Батарея стояла на высоком, пятидесятиметровом обрывистом берегу с хорошим обзором, и, хотя орудия были повреждены, орудийные дворики и железобетонная часть сохранились. Чтобы попасть на командный пункт, нужно было спуститься из орудийного дворика вниз метра на три и через тамбур пройти в первую комнату, или, как ее стали называть моряки, кубрик. В кубрике в целости сохранились двойные нары, стояли печь, стол с телефонными аппаратами и штабными бумагами и несколько табуреток. При немцах сюда была проложена электропроводка от полевой станции укрепрайона.

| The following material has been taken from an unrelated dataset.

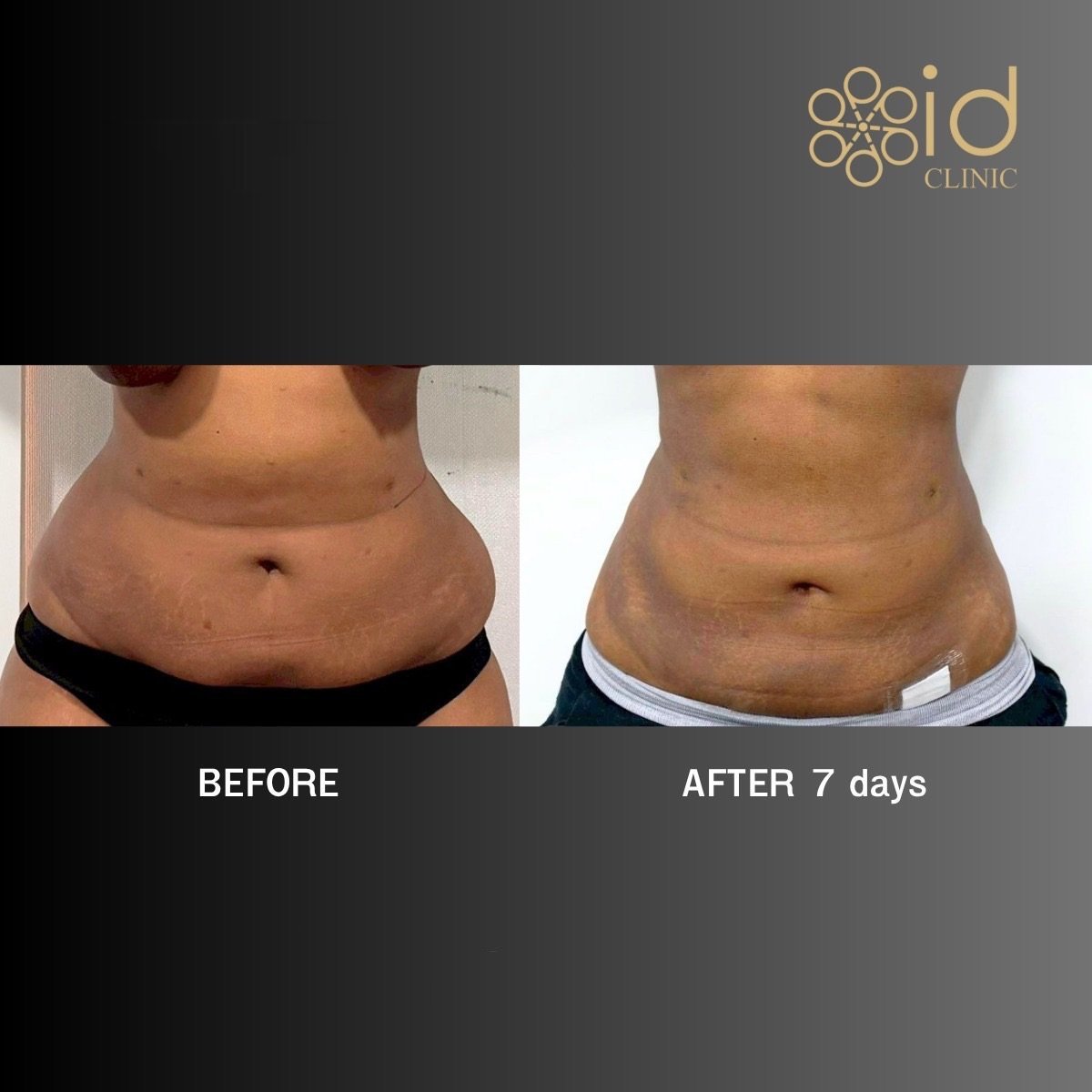 Resultados de Vaser liposucción antes y después en ID Clinic Bangkok, cintura más delgada tras 7 días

Сейчас кубрик день и ночь освещался только мигалкой, сделанной из гильзы зенитного снаряда.

Железная дверь вела в другую комнату, занятую связными и ординарцами. Туда, через амбразуру, вырезанную в бетонной стене, проникал дневной свет и открывался вид на море и на берега Таманского полуострова. Здесь при прежних хозяевах располагался наблюдательный пункт батареи. До сих пор вдоль амбразуры по секторам сохранились прицельные отметки по угломеру, наряду с выщербинами — укусами моряцкой гранаты. Эту комнату называли кубриком НП.

Вторая железная дверь НП выходила к морю. Отсюда по ступенькам можно было спуститься к берегу.

Противник узнал новое место командного пункта батальона морской пехоты и обстреливал его. Прямых попаданий пока не было, а боковые удары только трясли кручу, и всегда при активном обстреле людям, находившимся на командном пункте, казалось, что они сползают к морю.

Немецкие артиллерийские самоходные суда ночью или днем, в туманы, подходили почти до самых отмельных наносов и били в упор по наблюдательному пункту. Это обычно вызывало только раздражение и брань ординарцев, но существенного вреда не приносило. Морские самоходы неприятеля не отличались меткостью.

Противник мог рискнуть высадить десант, чтобы атаковать командный пункт. На этот случай подходы были минированы и пляж простреливался косоприцельным пулеметным огнем, за что лично отвечал Степняк, вынесший на крайние приморские точки обороны лучшие расчеты Шулика и Воронкова.

В первые дни после ухода из маяка немцы не оставляли в покое новый командный пункт, и Горбань назвал это новое убежище двумя словами: «гамак» и «трясогузка».